Moriarty received a phone call while he was at home Saturday. A police officer was calling to ask if everything was alright. Then the assemblyman was told that someone had anonymously called to report a shooting at the home, Arstechnica reports. Next, he was told to describe his clothing and step outside, and when he did, he was confronted with a crowd of police officers wearing flak jackets and helmets and bearing rifles.

“The minute I walked out the door — I was still on the phone with the dispatch person — I said, ‘I think I’ve just been swatted,” Moriarty told NJ.com, per Arstechnica.

So how does swatting work?

The Urban Dictionary describes swatting as a prank played out on the Internet. Someone finds your address, either through the person’s IP or because their name and location is known. They make an anonymous phone call to 911 and report a fake emergency.

Celebrities like Ashton Kutcher and Miley Cyrus have also been swatted, and it’s a dangerous game, The Daily Beast reports.

Patrick Frey, a Los Angeles Deputy District Attorney, blogs about his conservative political views, and he believes he was targeted last summer because of writing about a convicted bomber.
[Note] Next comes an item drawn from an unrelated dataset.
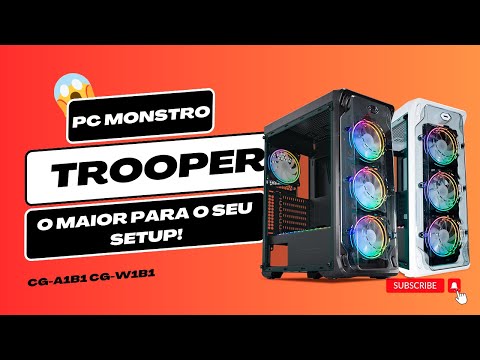 Vídeo de demonstração - WHITE TROOPER ARGB RITMICOS CG-W1B1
He received an email threat, and then a week later, a man spoofed his telephone and called 911 pretending to be him and saying he had just killed his wife. The next thing he knew, the Los Angeles County Sheriff’s Office dispatched a SWAT team to his home, and that, according to The Daily Beast, is just what the caller had intended. Frey was handcuffed and sitting in a patrol car and his wife was dragged out of bed by deputies while their kids slept.

“It’s a very dangerous situation, and I think it’s a miracle that nobody’s been killed yet,” Frey told The Daily Beast. “I had police officers pointing guns at me; my cellphone was in my hand. If they had thought I was armed and dangerous, I was one finger-pull of the trigger of losing my life that night. It was very scary. It seemed like it was designed to cause us the potential for being shot and killed.”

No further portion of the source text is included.